Barry Saunders, Staff Writer
Man, you've got to be jiving. Me, compliment Bob Johnson, founder of BET?
Willis Smith, a former Time-Warner executive and now president of the media consultant company W.G. Smith & Associates, was insistent that Johnson deserved some praise.
He pointed out that Johnson, founder of what I consider the worst thing to happen to black girls since the straightening comb and hair weave, had created several black millionaires.
So has your average enterprising crack cocaine supplier, I pointed out.
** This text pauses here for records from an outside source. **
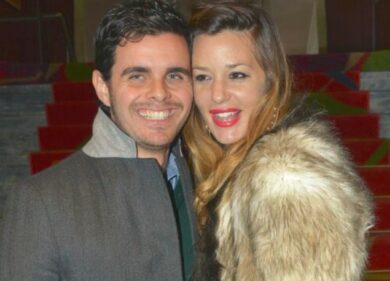 Alessia Fabiani, l’ex marito accusato di maltrattamenti: “Era lei violenta”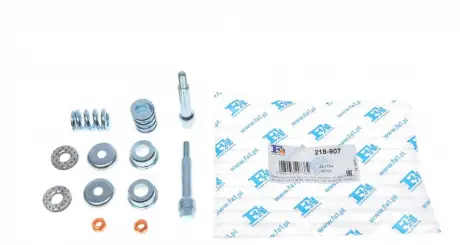 Крепления системы выпуска (пружины.уплотнители) FISCHER Fischer Automotive One (FA1) 218-907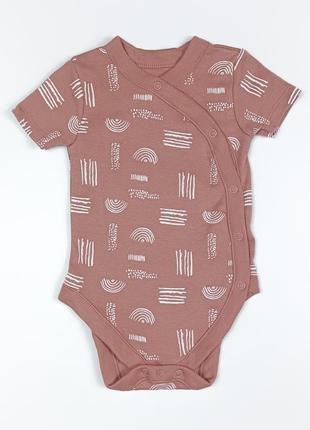 Бодик с коротким рукавом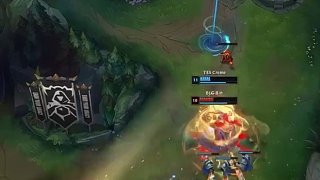 FPX祝上单xiaolaohu胜利快乐：百尺竿头更进一步！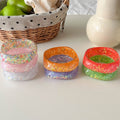 Sparkly Colorful Sequin Resin - DippedShop Wholesale - #6019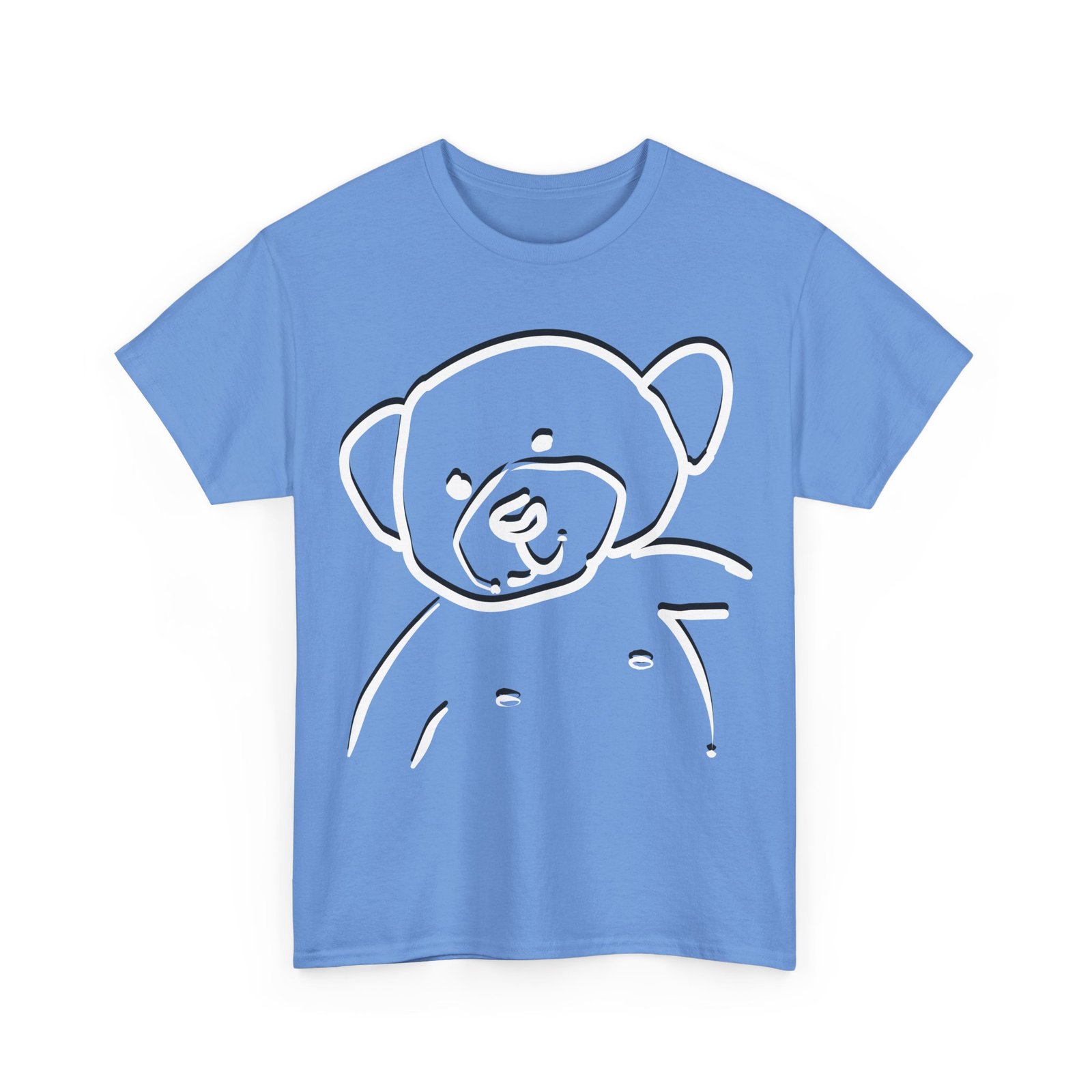 Tiddy Bear - Graphic Tee - Image 8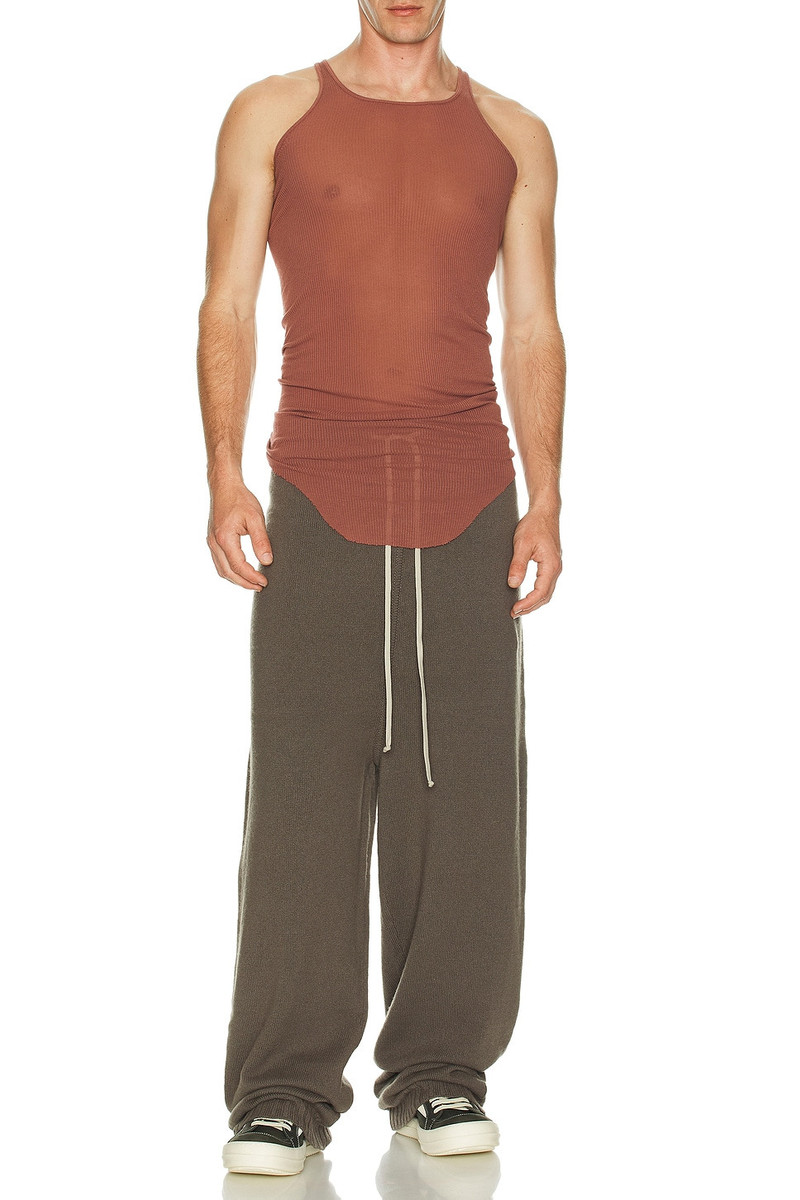 Rick Owens Basic Rib Tank outlook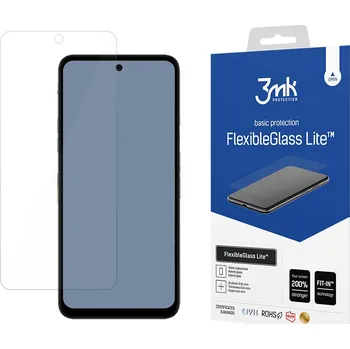 Hybridní sklo pro LG K42 - 3mk FlexibleGlass Lite™ 5903108312523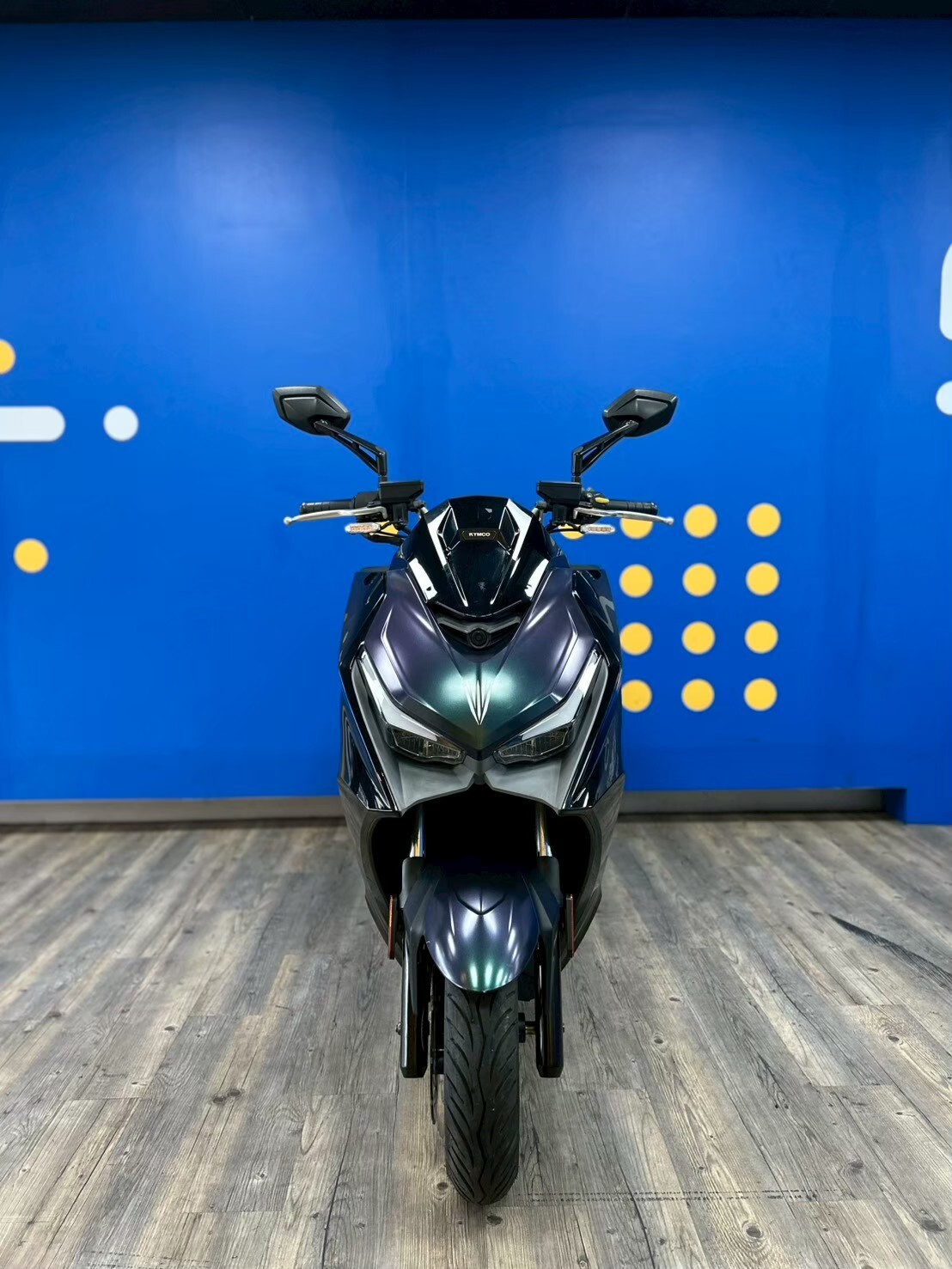 LINE_ALBUM_2023 光陽 KRV MOTO 180 _3901 里程26xxx $75,000_260513_2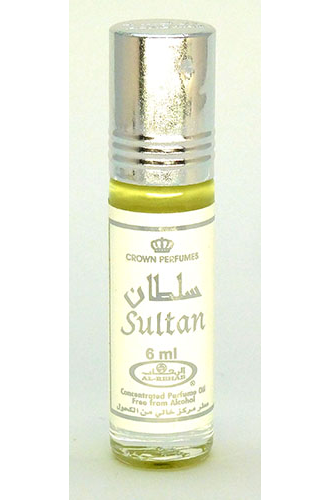 Масляные духи рехаб 6 мл -  "Sultan"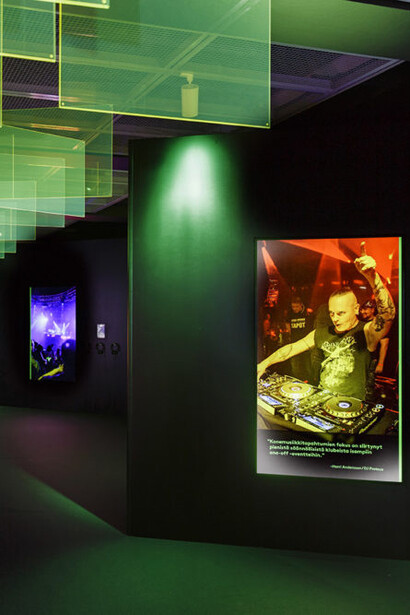 Helsinki Clubbing. Courtesy of Helsinki City Museum
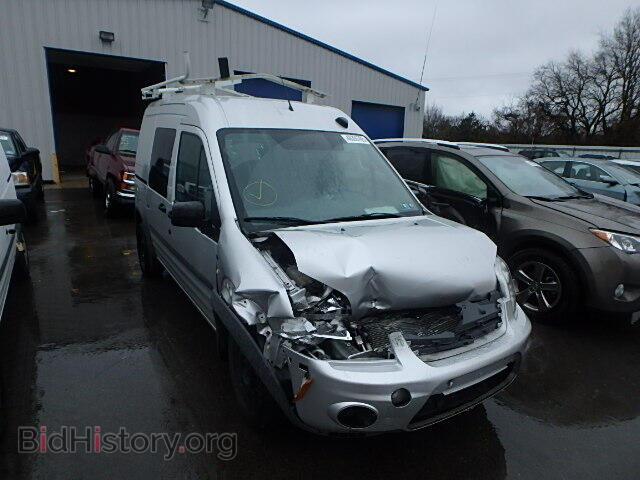 Photo NM0LS6BN8CT078092 - FORD TRANSIT CO 2012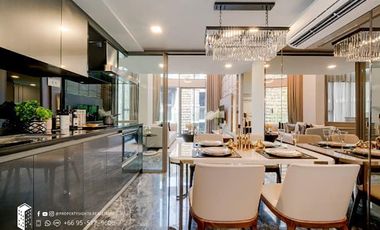 Wohnung zur Miete mit 3 Zimmer in Watthana, Bangkok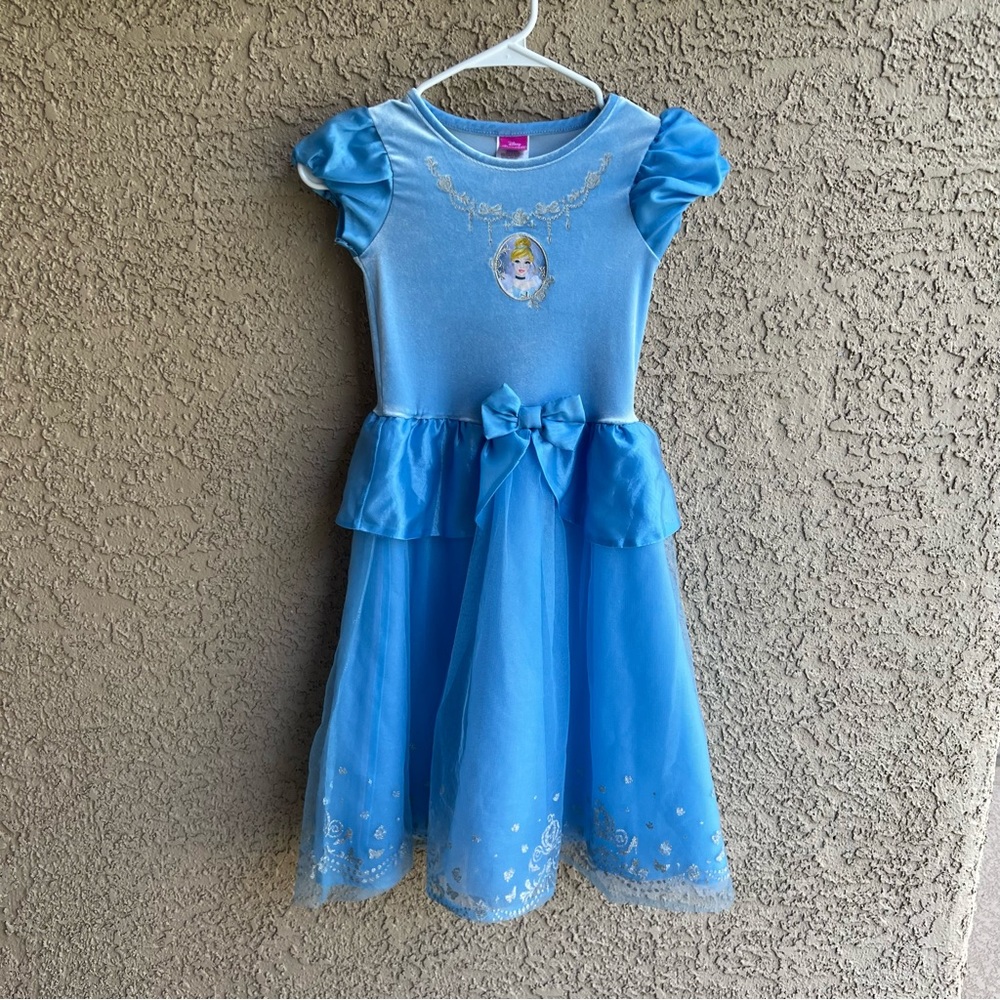 Cinderella dress costume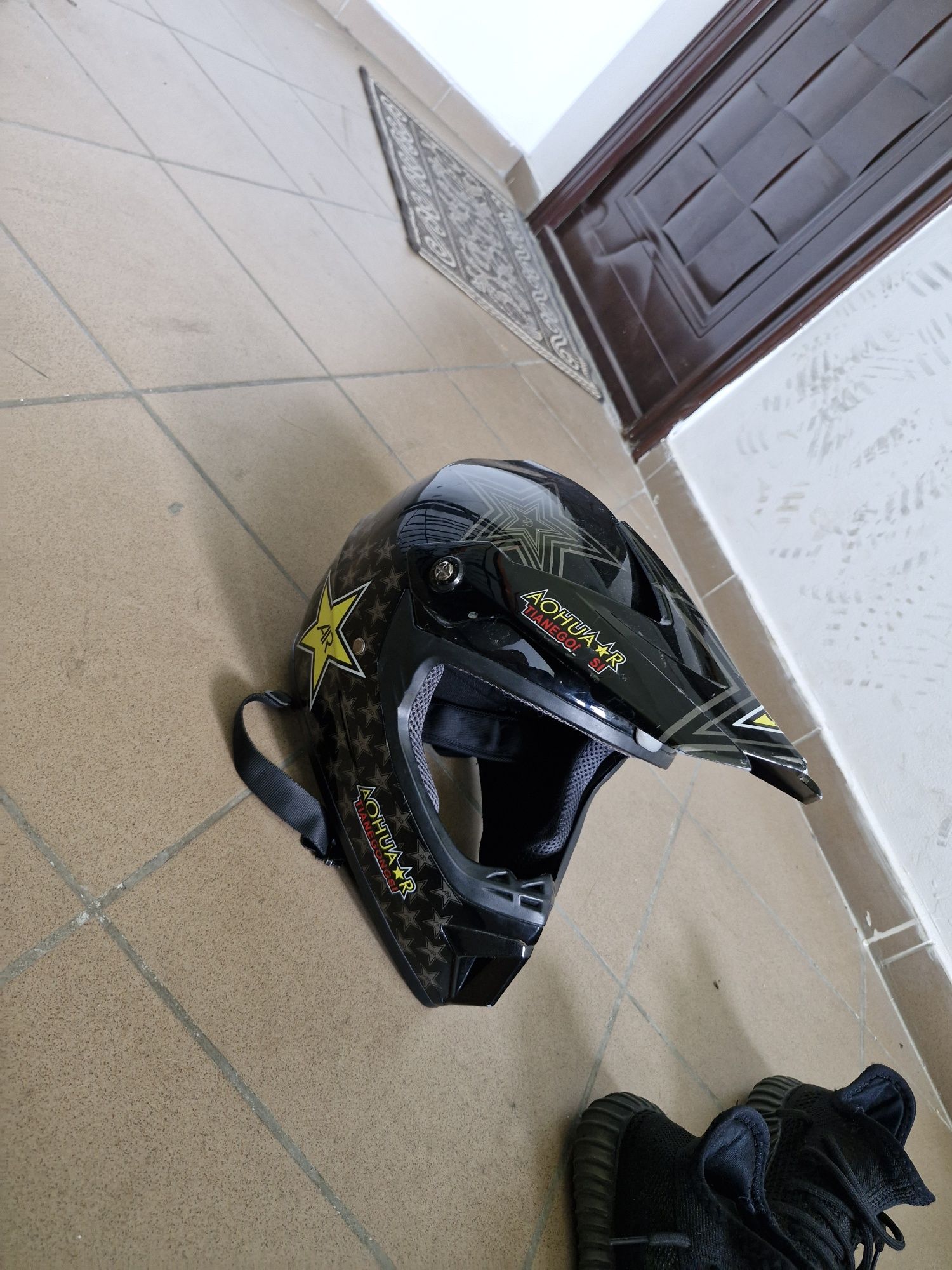 Casca Full face mărimea L
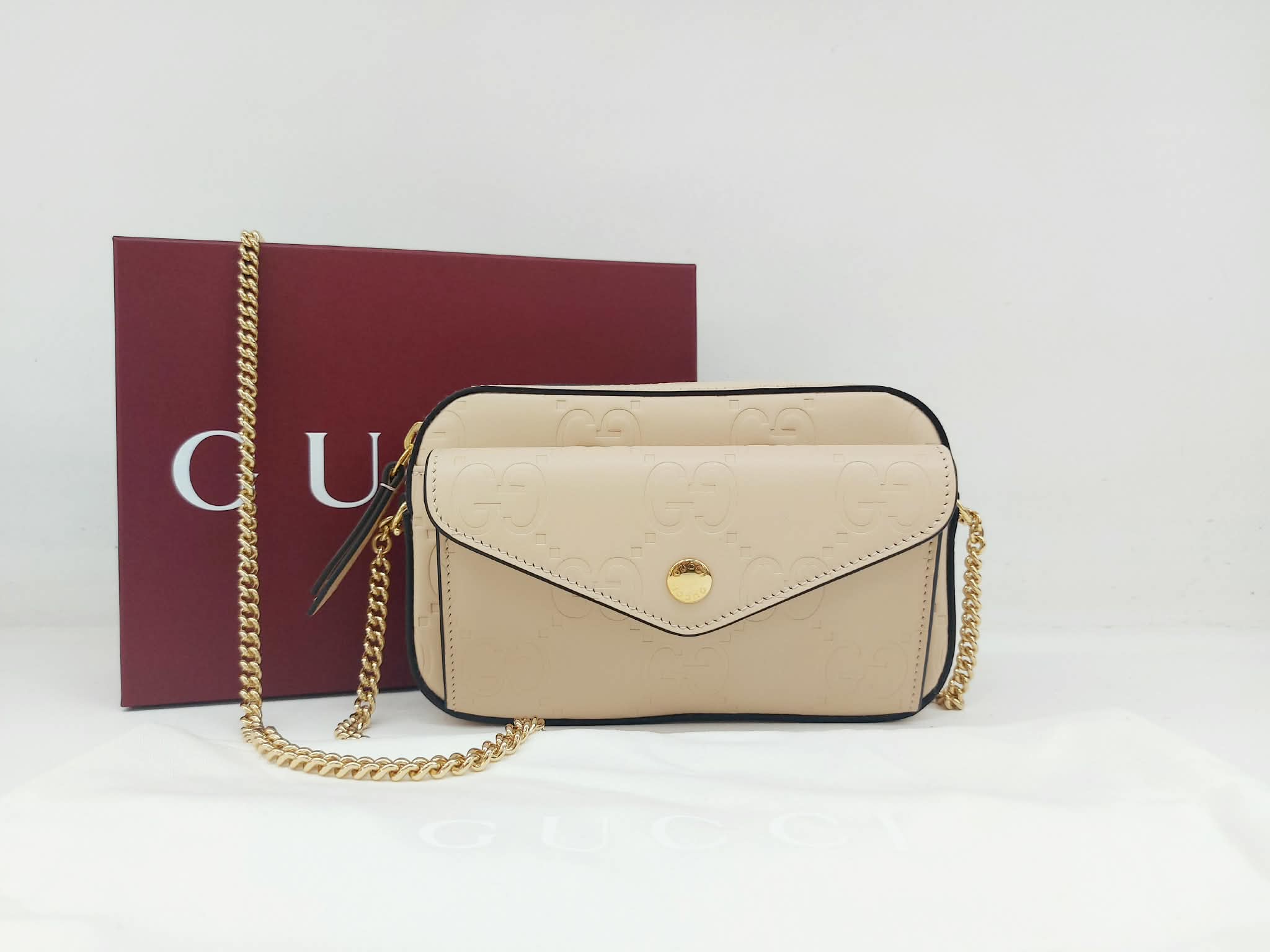 GUCCI GILBERT MINI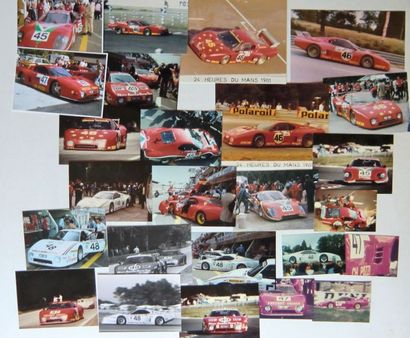 Photos Le Mans 1981 (25)
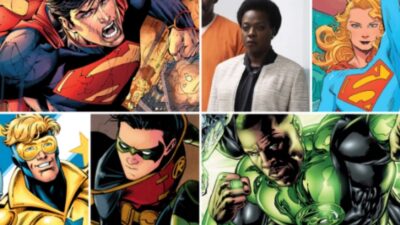 DC Universe Baru Meluncurkan 10 Proyek Pertama: ‘Superman: Legacy’, Film Batman & Robin, Seri ‘Green Lantern’, Prekuel Wonder Woman, dan lainnya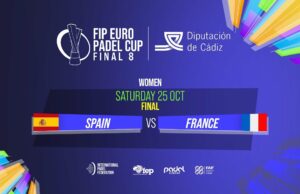 En directo las finales de la FIP Euro Padel Cup 2025 – Final 8 En directo las finales de la FIP Euro Padel Cup 2025 – Final 8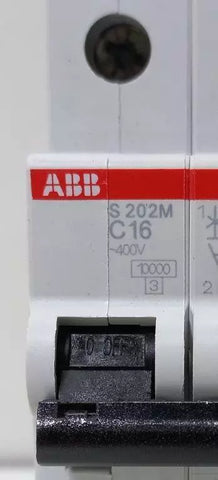 ABB S202M-C16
Smith, one of a couple hundred people at UNC's Kenan-Flagler Business School last week to hear Johnson, threw up his hands and walked away, but the analogy is not farfetched. Some people -- OK, maybe just me -- compare the insidious effects of Johnson's "Booties Every Time" (as cartoonist Aaron McGruder so aptly dubbed it) network to electronic crack.
The only difference is, the crack kingpin won't be knowingly invited to speak at UNC.
I've tried vainly to get an interview with ol' Beelzebob since he started the Charlotte Bobcats NBA franchise. I figured attending his lecture would be one way to question Soul-less Bro. No. 1. Alas, during the question-and-answer period, he never acknowledged my furiously waving hand.
The students, business people and educators in the audience were way more deferential than Johnson deserved, considering the product upon which he made his billions.
It is understandable that a fledgling entrepreneur with an opportunity to question a billionaire businessman isn't going to waste the chance by asking "How the hell do you sleep at night?" as I would have.
That is why most of the queries, broken down to their essence, went like this: Gee, Bob. How do I become like you?
That is also why, at the end of the evening when idolatrous audience members streamed forward to have their picture taken with him or to simply touch the hem of his garment, I thought "Where is a Spelman sister when you need one?"
A couple of years ago, students from the all-girls, historically black college in Atlanta practically ran the rapper Nelly off campus because of his demeaning video depictions of women, especially in a video called "Tip Drill" in which a man runs a credit card down a nekkid woman's backside.
Such degradation was daily fare when the bilious billionaire Johnson owned BET.
Johnson might someday redeem himself and create more black millionaires. Until he does, though, we should shun that chump the way a vegetarian shuns an uncovered plateful of eight-day-old chitlins.
His critics have been accused of jealousy and playa' hatin' --who doesn't wish they had a billion dollars and a team named after them? -- but Johnson truly is black people's enemy.
An overstatement? OK, ask yourself this: If the KKK had started BET 30 years ago and aired the same black-butt-wiggling, pornographic programming as Johnson -- with black dudes rapping about the joys of killing other black dudes -- would we have sat still for it?
Well, would we?
Even though no one asked, I still wonder how he sleeps at night.